Assignment:
Transcribe the full listing without changing a word, and omit its pictures.

Data provided:

•••

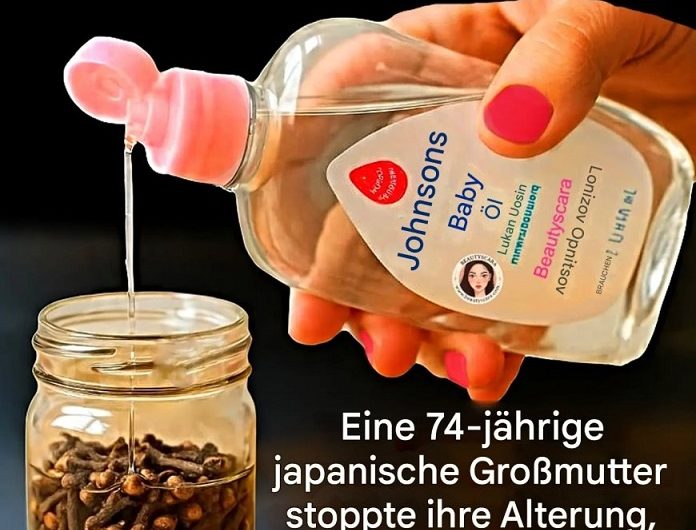 Eine 74-jährige japanische Großmutter verrät ihr Anti-Aging-Geheimnis: Nelkenöl gegen Falten und für strahlende Haut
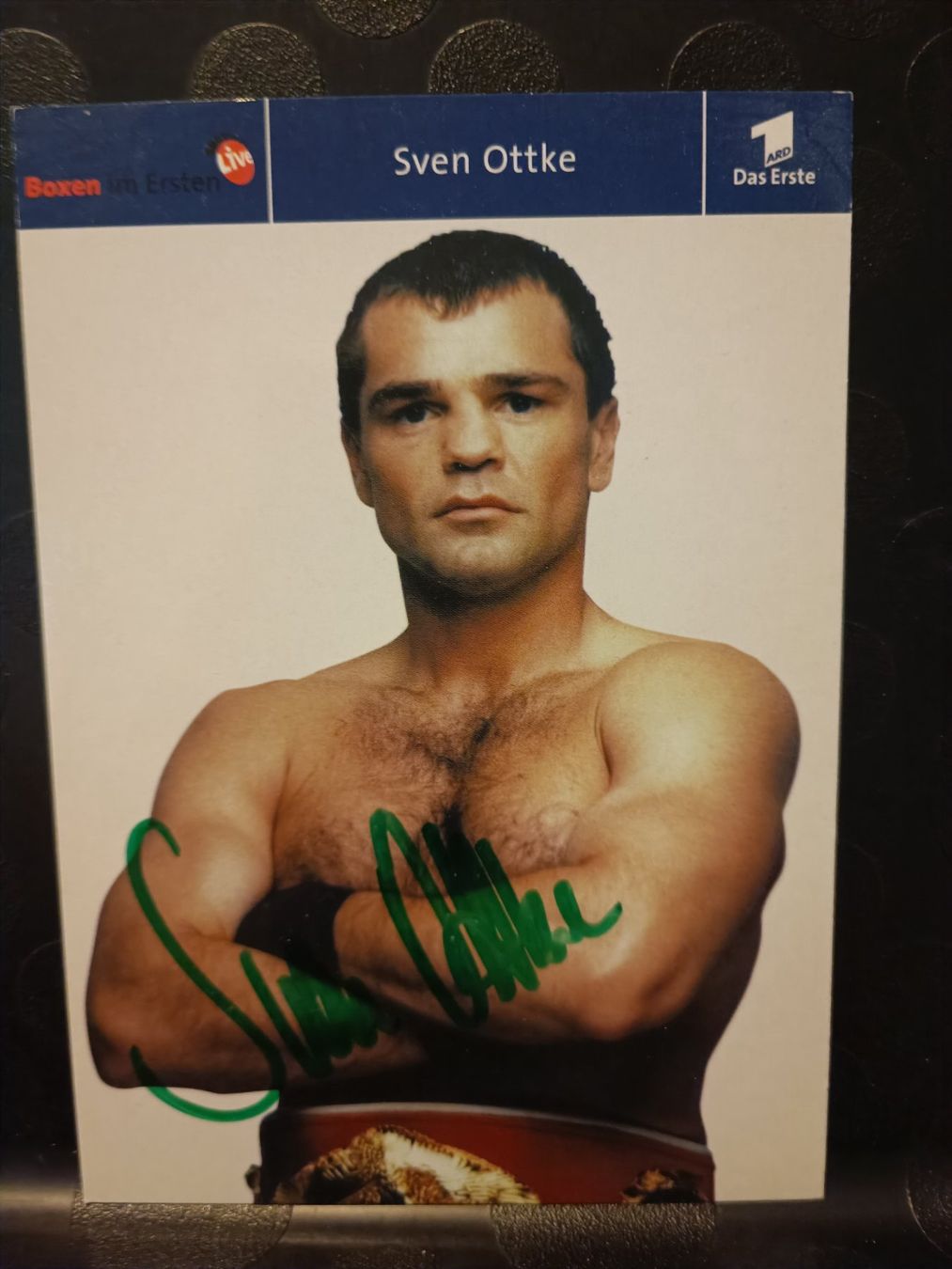 Autografi: Sven Ottke - Weltmeister – Usato da Menziken venduto da Artographs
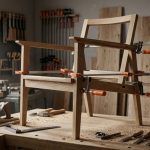 дерев'яний стілець своїми руками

•••

Task result:
 Eine 74-jährige japanische Großmutter verrät ihr Anti-Aging-Geheimnis: Nelkenöl gegen Falten und für strahlende Haut
 Autografi: Sven Ottke - Weltmeister – Usato da Menziken venduto da Artographs
 дерев'яний стілець своїми руками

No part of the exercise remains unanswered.